Thanks to a grant, Nadeau knew artist Pamela Moulton (also an award recipient as Community Art Educator of the year from the Maine Art Education Association – MAEA) would be at BRES in the spring to make art with her students. Moulton has been making art out of “ghost gear” - tools of the trade for commercial fishermen. See more of her work at https://bit.ly/3OfschZ
Moulton brought ghost gear and bait bags she had sewn together to create “magic bags” that were filled with the gear and oyster shells from a local farm. Nadeau put out a call to lobstermen for old rope, and got more than she expected. This was used as a covering for old shrimp traps stacked on the floor, and as a cover for an old rocking chair in the corner. Moulton always makes a chair wherever she goes and luckily Nadeau had found one in the wood pick pile at the landfill. She wove a new seat for it using various materials, not knowing it would fit right in with the ghost rope “upholstery!”
The ocean project went along with the Moulton program, learning about the fishing and lobstering community, sustainability, recycling, etc. So, without walls to hang the work on, moving from location to location to be with her students Nadeau decided they would use diffusing paper on which the students in grades 4-6 painted with water to create what colors might be seen in the ocean on a sunny day, at night, early morning, etc. When Nadeau was somewhere she could string up a clothesline, the “oceans” were hung to dry. The fish and jellyfish shapes were based on characters in children’s books. Pre-K through 3 made the jellyfish and K-2 made the fish.
While BRES students were tangling with fishing, the oceans, sustainability and ghost gear, Boothbay Region High School students were working on creative projects of their own. For example, “Three Dimensional Iconic Paintings” invited students to choose a famous painting to replicate, with a twist: They had to incorporate a body part or two. Students stretched canvas and then cast body parts that would add dimension to their adaptions.
One example was van Gogh’s “Starry Night” reimagined by Colby Allen who used one of his arms as the base of a cypress tree and the curled hand of classmate/friend Ariel Alamo.
Here is why Allen chose the van Gogh: “My grandmother had a painting of ‘Starry Night’ at her house. When Manon told us about this project she mentioned that one, and it was the first one I thought of. I thought the cypress tree would be a good way to introduce the human element into it. It was a very fun project and I’m excited about having been able to do it. The raised elements – friend Ariel Alamo’s hand. We plastered her hands and my arms and attached them to the canvas.”
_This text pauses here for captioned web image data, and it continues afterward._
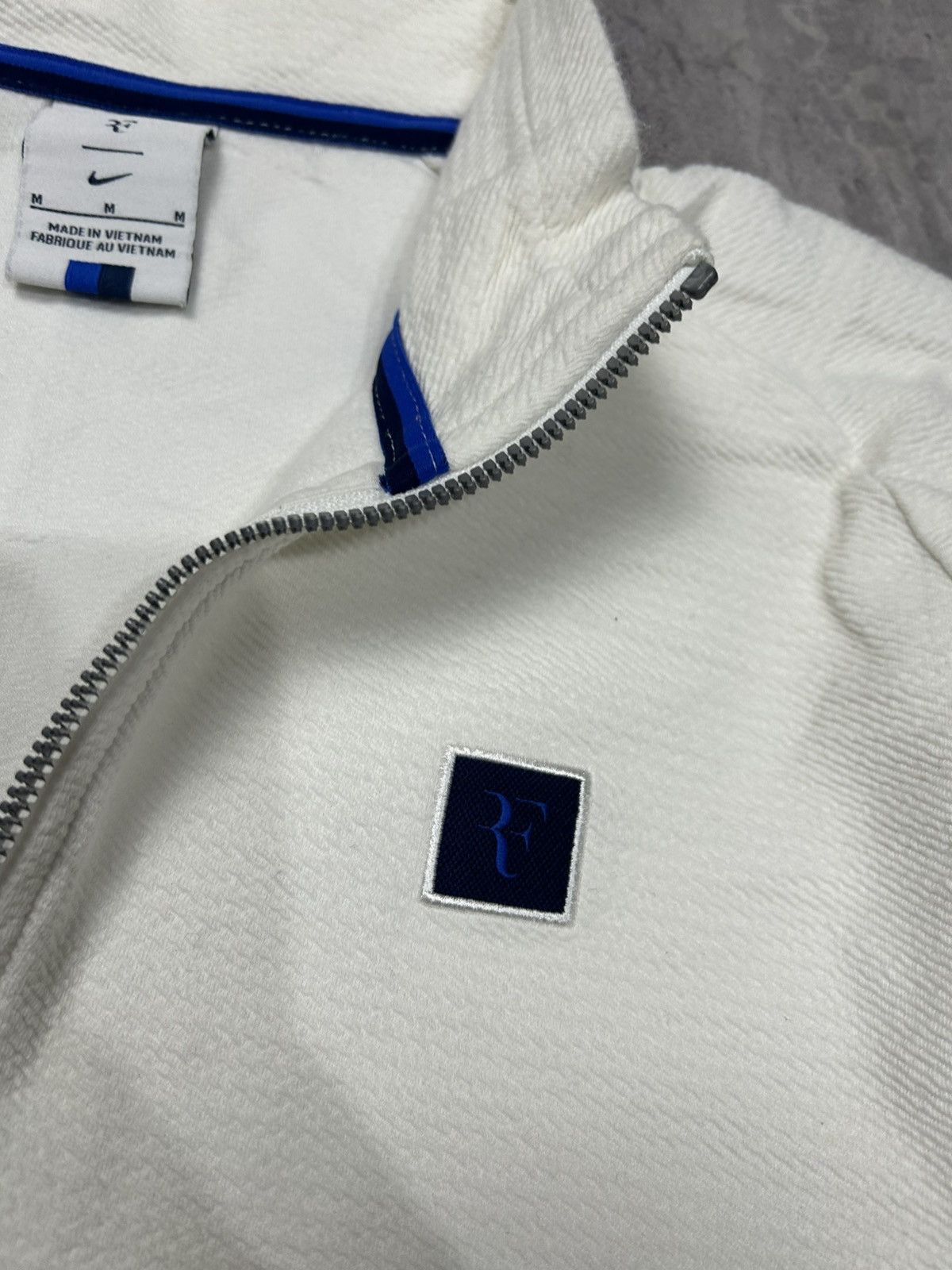 Nike × Vintage Nike Roger Federer RF Tennis Track Jacket White Full Zip Size US M / EU 48-50 / 2 - 5 Thumbnail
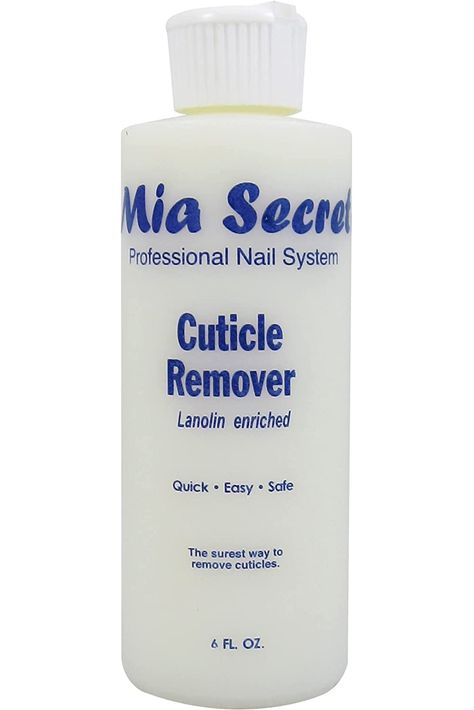 Mia Secret Cuticle Softener &amp; Remover - Quick Easy Safe - 6 oz Cuticle Dissolver Cream for Hand or Foot Nails - Removes Cuticles Safely and Softens the Edge - Excellent for Manicures and Pedicures Cuticle Softener, Cuticle Cream, Minimalist Nail Art, Cuticle Remover, Seasonal Nails, Dotting Tool, Nail Cuticle, Happy Paintings, Pedicures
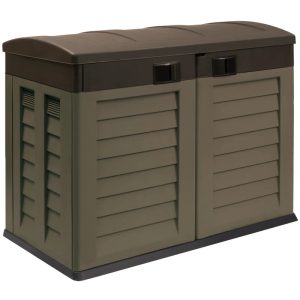 4.5 ft. W x 3 ft. D Plastic Horizontal Garbage Shed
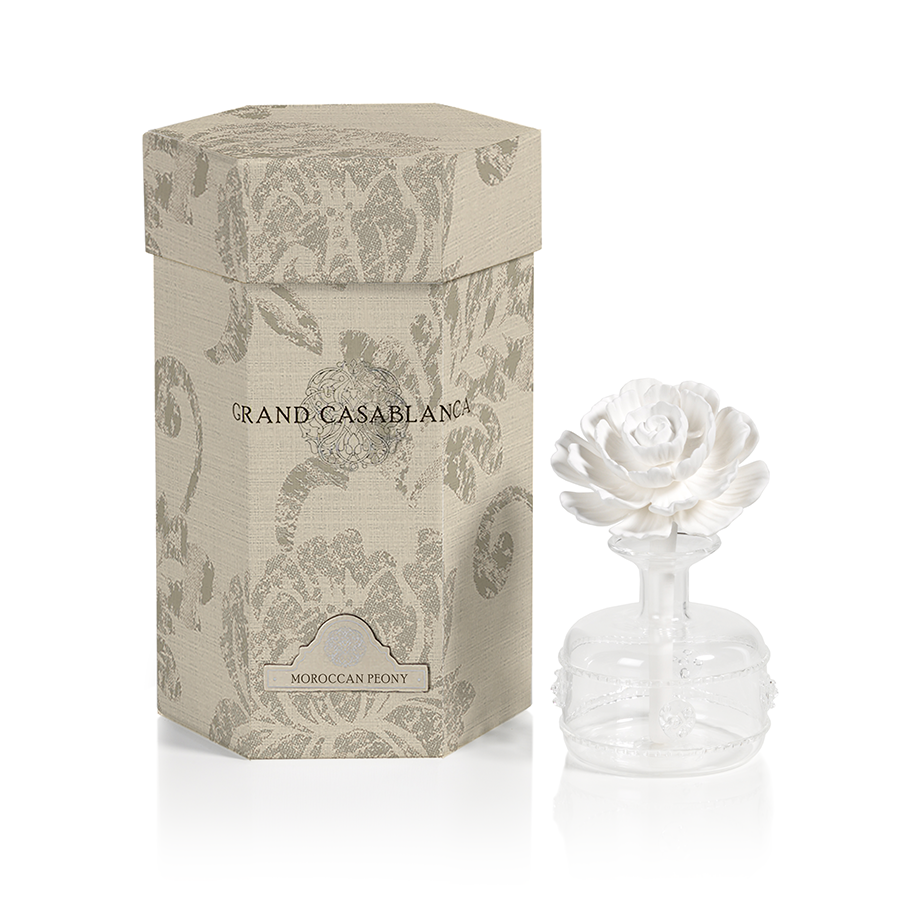 Mini Grand Casablanca Porcelain Diffuser - Moroccan Peony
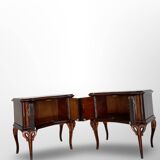 Tables de chevet italiennes du milieu du 20ème siècle.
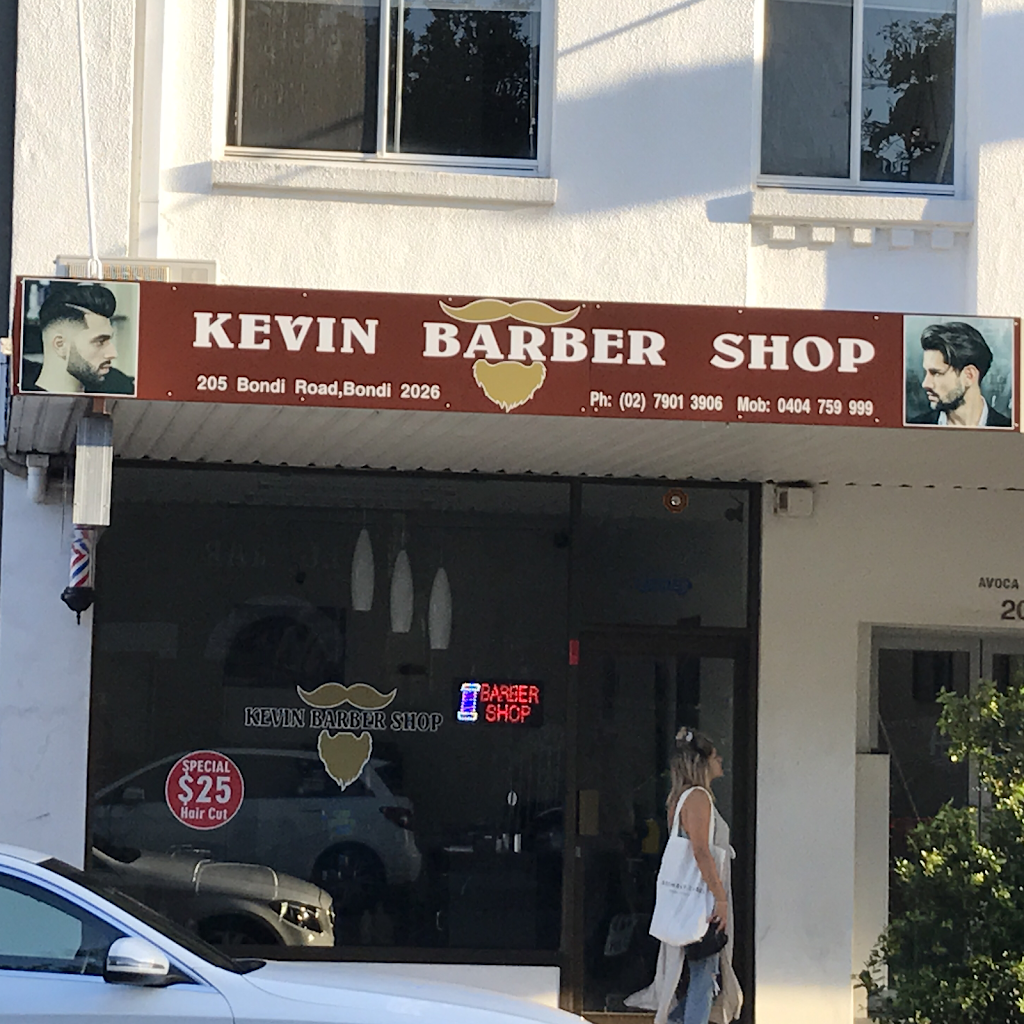 Kevin Barber Shop | 205 Bondi Rd, Bondi NSW 2026, Australia | Phone: (02) 7901 3906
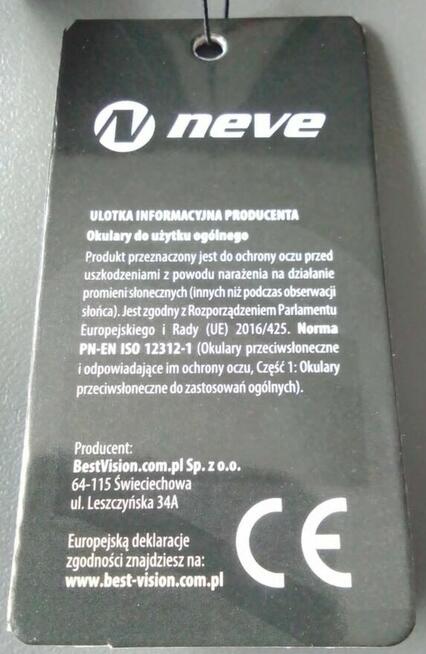 Okulary przeciwsłoneczne NEVE różne NOWE a
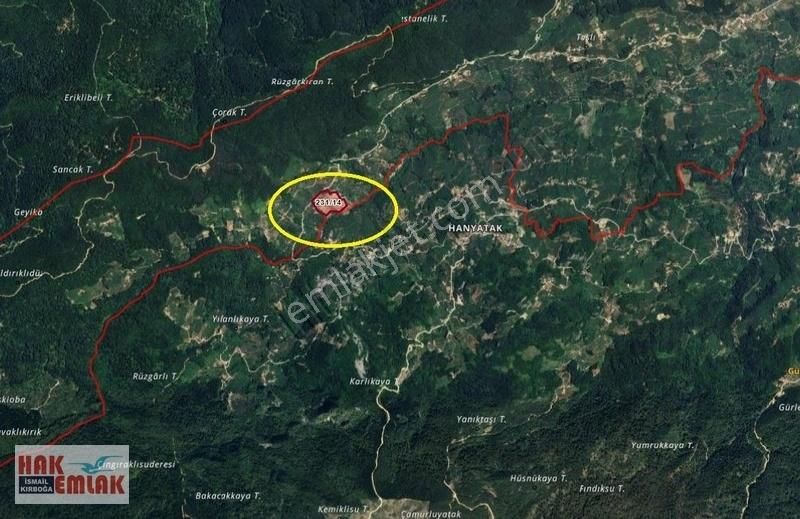 Hak Emlaktan Sakarya Akyazı Taşyatak Mah. Satılık 56.740m² Bahçe - Görsel 2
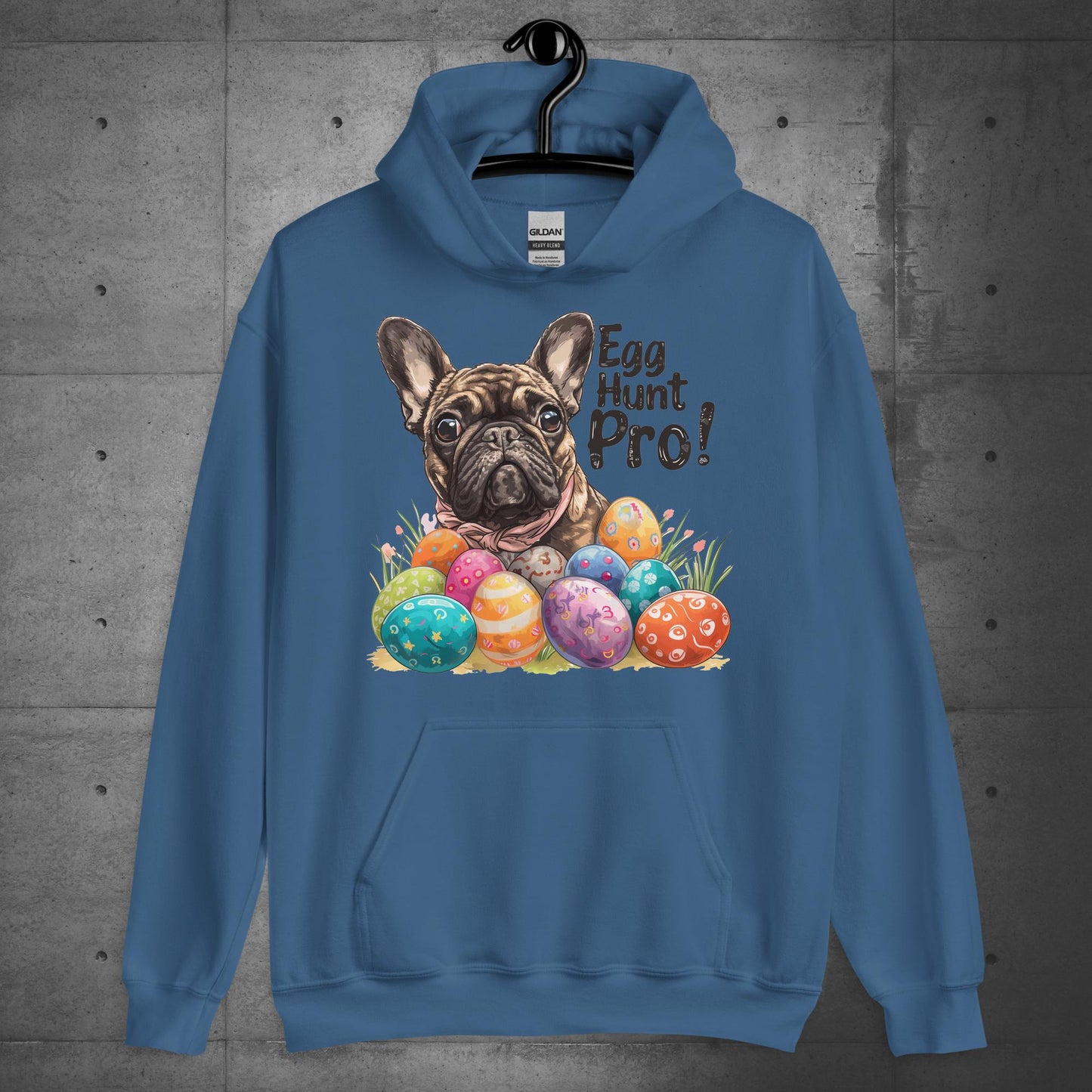 Frenchie "Egg Hunt Pro!" Unisex Hoodie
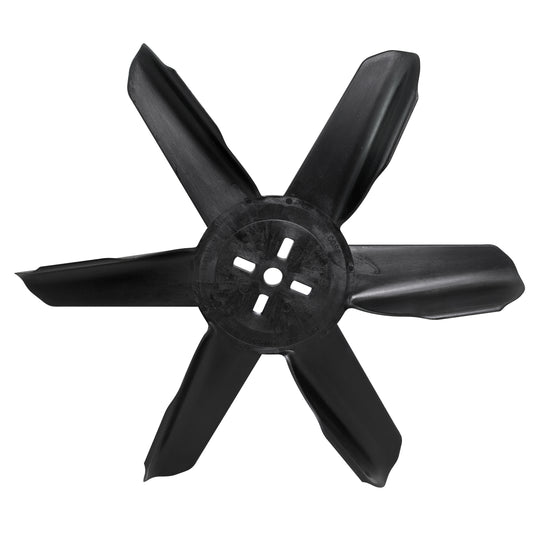 17" Standard Black Plastic Fan - 6 Blade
The Origami Cranes project was inspired after students studied World War II and the bombing of Hiroshima. The class read the book, “Sadoko and the Thousand Paper Cranes” and then proceeded to make them for several reasons: First, to recognize Sadoko’s quiet courage as she battled cancer brought on by the bombing when she was 2. Second, in Japanese culture it is believed that if one folds 1,000 cranes, a person’s wish will come true. The cranes are displayed at the front of the BRAF gallery on either side of the door.
There are so many fascinating works of art in this show, you must see it. Do not think for a minute that just because the art is by students it isn’t going to be a satisfying experience. It will be an hour or two well spent.
The Student Art Show at BRAF, 1 Townsend Ave, Boothbay Harbor, continues Thursday, May 18 through Sunday, May 21. Gallery hours are from 11 a.m. to 5 p.m.